The founder of the Castle.

A Catholic priest born in France, in 1854, Father Francolon was the son of a wealthy, aristocratic family. His father was a diplomat and at one time was the French consul in what is now called Moscow.

He came to the United States in 1878 when he was 24 years old as secretary to Bishop Lamy, in Santa Fe, and after ordination was in charge of several missions in the parrish of Santa Cruz to the indigenous peoples. There was much unrest between the old Spanish Catholic Church and the incoming French Catholic Church, and Fr. Francolon was extremely unpopular, even to being poisoned in the chalice.
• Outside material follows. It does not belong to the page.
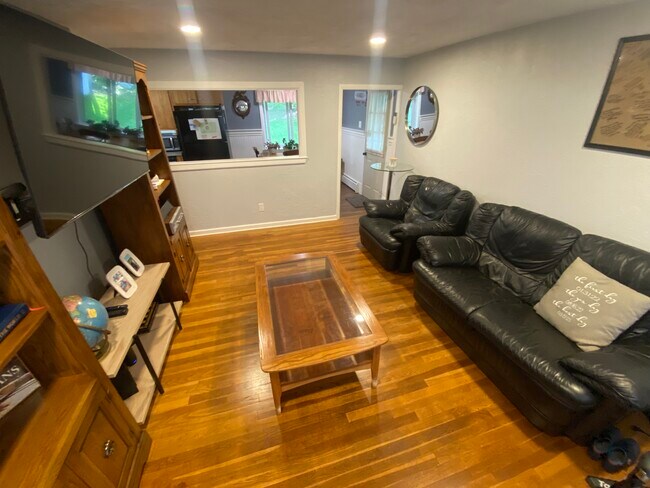 Building Photo - 288 Saint Nicholas Ave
In 1892, he came as a missionary priest to Manitou, already famous for its healing waters and clean air, in hopes of restoring his failing health. His mother arrived in Manitou from New Mexico in July 1893, bringing four French-speaking servants, because, it is said, she did not speak English.

Newspaper descriptions of the furnishings, tapestries, oils, statuary, antique vestments and laces, and native artifacts, which were displayed in the gallery on the third level, indicate that the family had indeed been wealthy, although recently-translated letters of Father’s allude to financial losses prior to coming to Colorado.  This could explain why the Gillis brothers had to sue him for payment for their work, and why Fr. Francolon took out a loan on the property to obtain the funds.

Fr. Francolon had a reputation for being a loner and unpopoular with the local residents, although he did have two fundraising balls in 1897, one for a library and one for the poor.

The Francolons left for France unexpectedly in 1900, taking valuable artwork with them but leaving their furniture, and Madam Francolon died within a few months. Fr. Francolon spent his last ten years in New York, died December 4, 1922, and is buried in the Archdiocese Cemetery.  He never returned to Colorado.